Malalai JoyaMalalai Joya entered Afghanistan’s new Parliament in September 2005 pledging to “protect the rights of the oppressed and safeguard women’s rights.”  She won the second highest number of votes in Farah province, taking her seat in the Lower House (Wolesi Jirga).  A staunch critic of the warlords and defender of women’s rights, Malalai has consistently been stopped from speaking in Parliament or had speeches cut short, has survived a number of assassination attempts and is forced to sleep in different places every night in order to stay alive.

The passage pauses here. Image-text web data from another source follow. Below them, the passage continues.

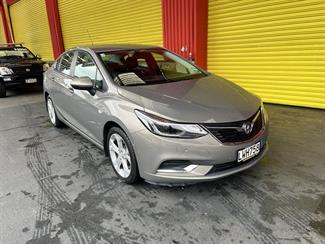 2018 Holden Astra - Thumbnail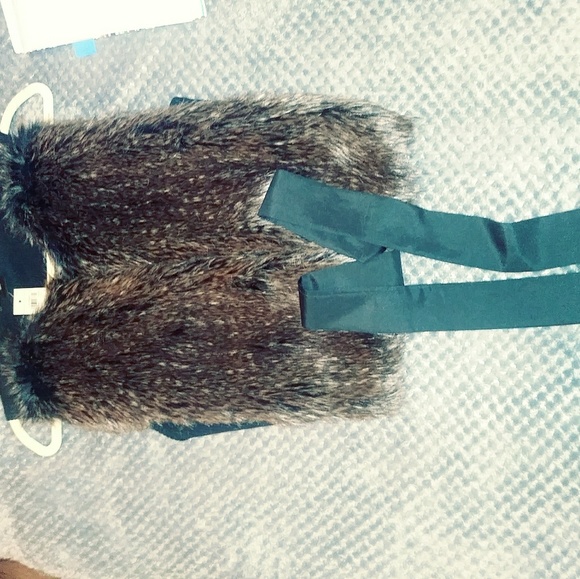 Ann Taylor fur vest M/L never worn with tags - Picture 4 of 6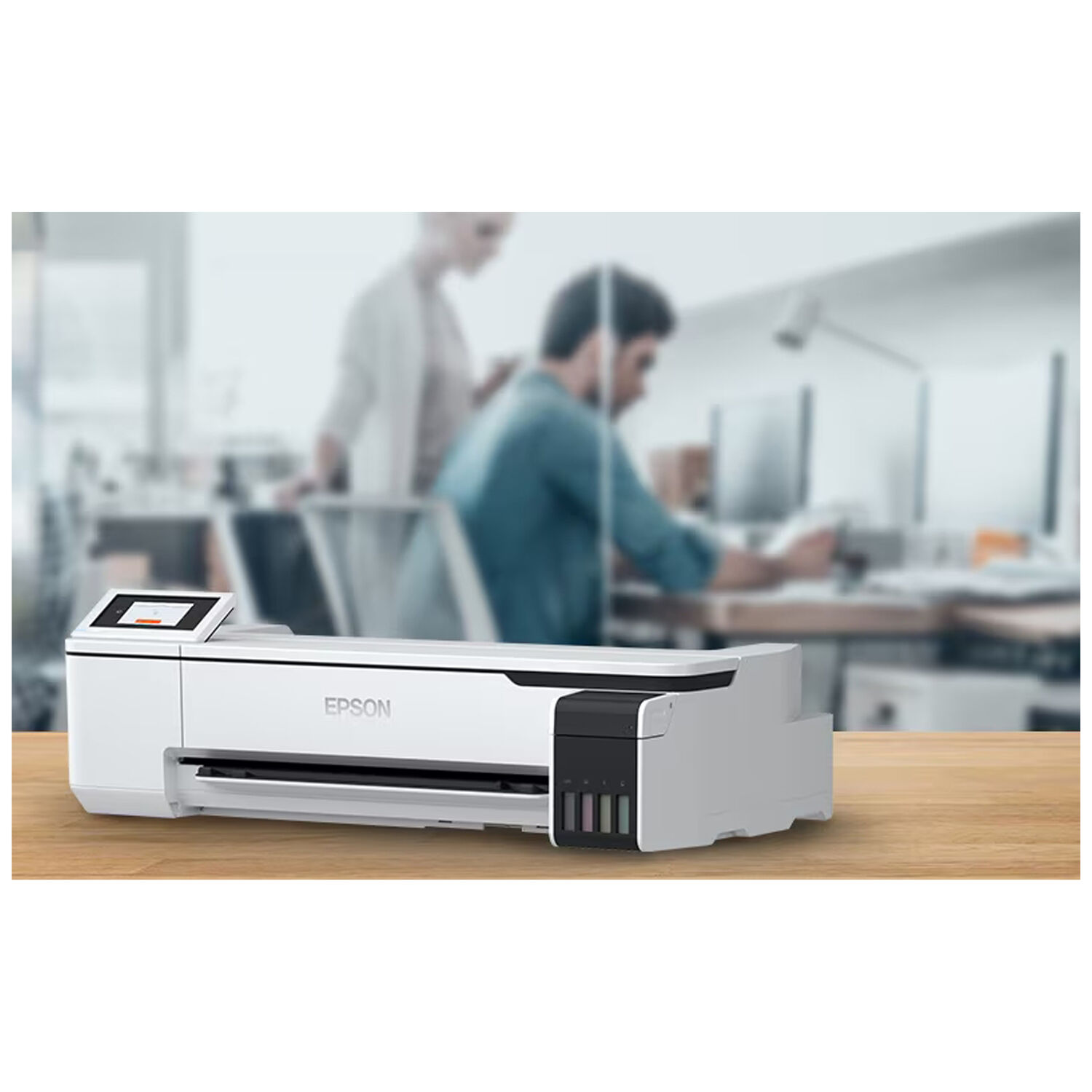 Imprimante Epson SureColor SC-T3100x sur bureau Imprimante grand format Epson blanche SC-T3100x sur bureau en bois au bureau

On 21 May 2007 Malalai was suspended from Parliament for an interview she gave to a private Afghan television station in which she lamented that the Afghan Parliament was worse than a stable of animals.  She was suspended under Article 70 of the Rules of Procedures of the Wolesi Jirga.  These rules were undergoing revision at the time and had not yet been approved by Parliament.  Article 70 proposes that a Member of the Assembly will be subject to disciplinary procedures in the event of a number of offenses, including “intimidation and threatening of a member, defamation and accusation of others, insult and desecration against the administrative board government officials and the staffers of the general secretariat”.  Under Article 70, the Member can be suspended for one day and for a further unspecified number of days at the request of the administrative board (comprising of central government and local offices) and approval of the Wolesi Jirga.  Malalai’s conduct was not referred to the administrative board.  Instead, she was suspended following a majority show of hands by the Wolesi Jirga.  Malalai wrote directly to the Supreme Court to protest her suspension and the procedure used to secure it.  The Afghan Constitution protects freedom of speech and gives immunity from prosecution for views expressed during the performance of parliamentary duty.  She subsequently heard through a television announcement that her case would be referred to the appropriate court.  However, there is still no official indication as to how or when her case will be dealt with.  In the meantime, she remains suspended from Parliament, leaving her constituency without proper representation.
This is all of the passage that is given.